President of the Alaska Territorial Senate
- In office 1939–1941
- Preceded by: M.E.S. Brunelle
- Succeeded by: Henry Roden

Member of the Alaska Senate from the 1st district
- In office March 6, 1933 – January 24, 1949 Serving with Allen Shattuck (1933-1935, 1945-1947) Henry Roden (1935-1943) Arthur P. Walker (1943-1945) Andrew Gunderson (1945-1947) Joe Green (1945-1949) Frank Peratrovich (1947-1949) L.P. Dawes (1947-1949)
- Preceded by: Charles Benjamin
- Succeeded by: R.M. MacKenzie

Personal details
- Born: July 28, 1889 Regina, Saskatchewan, Canada
- Died: April 5, 1949 (aged 59)
- Party: Democratic

= Norman R. Walker =

Canadian-born American pharmacist and politician

Norman Ray "Doc" Walker (July 28, 1889 – April 5, 1949) was a Canadian-born American pharmacist and politician, best known as the longest-serving member of Alaska's territorial legislature.
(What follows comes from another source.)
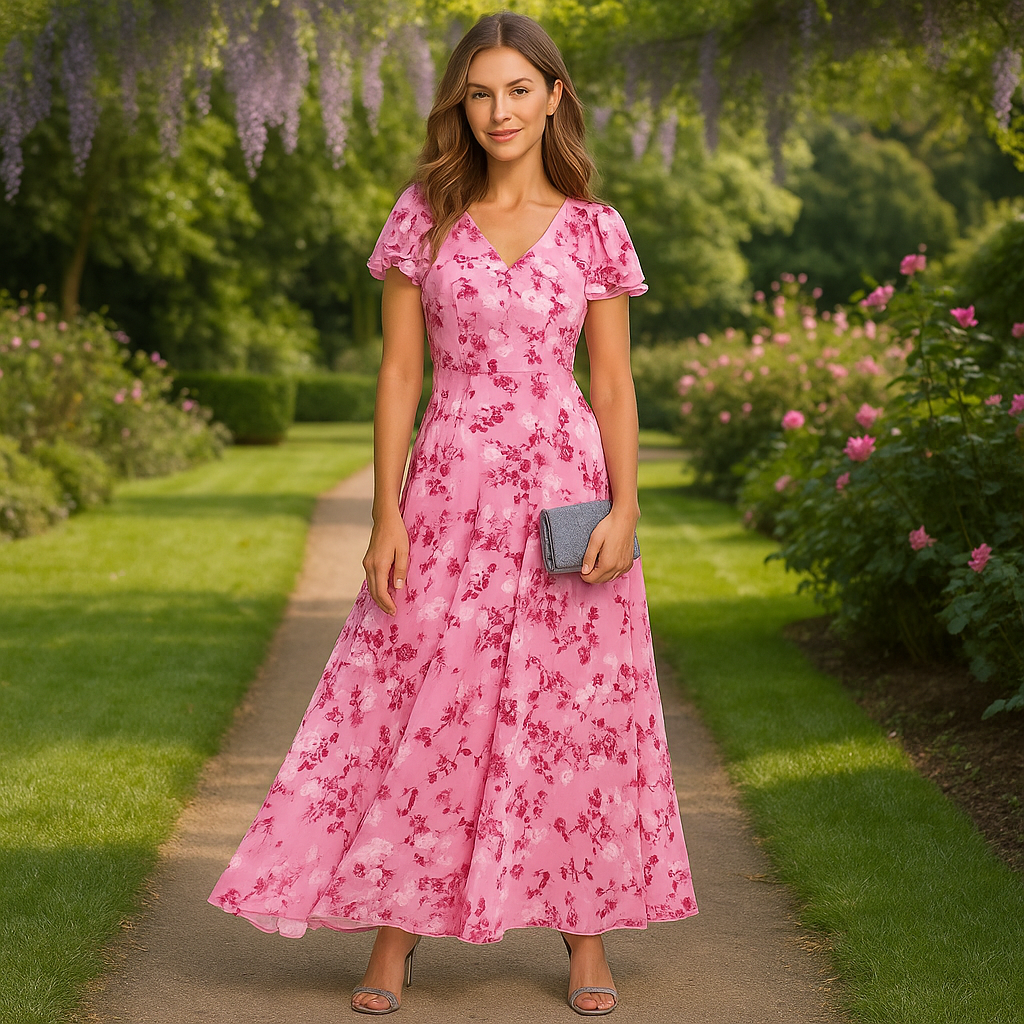 Robe mi-longue colorée Kristina pour femme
Born in Regina, Saskatchewan, Walker emigrated to the United States as a youth, later serving in the United States Army and attending Washington State University. He was a pharmacist in Seattle, Washington and then moved to Ketchikan, Alaska and owned the Walker-Broderick House. Walker served as mayor of Ketchikan from 1930 to 1932 and then served in the Alaska Territorial Senate from 1933 until 1947. He lost reelection to his Senate seat in 1948 after feuding with territorial governor Ernest Gruening over Gruening's efforts to overhaul the territory's tax structure. Walker was also head of the Alaska Territorial Pharmacy Board.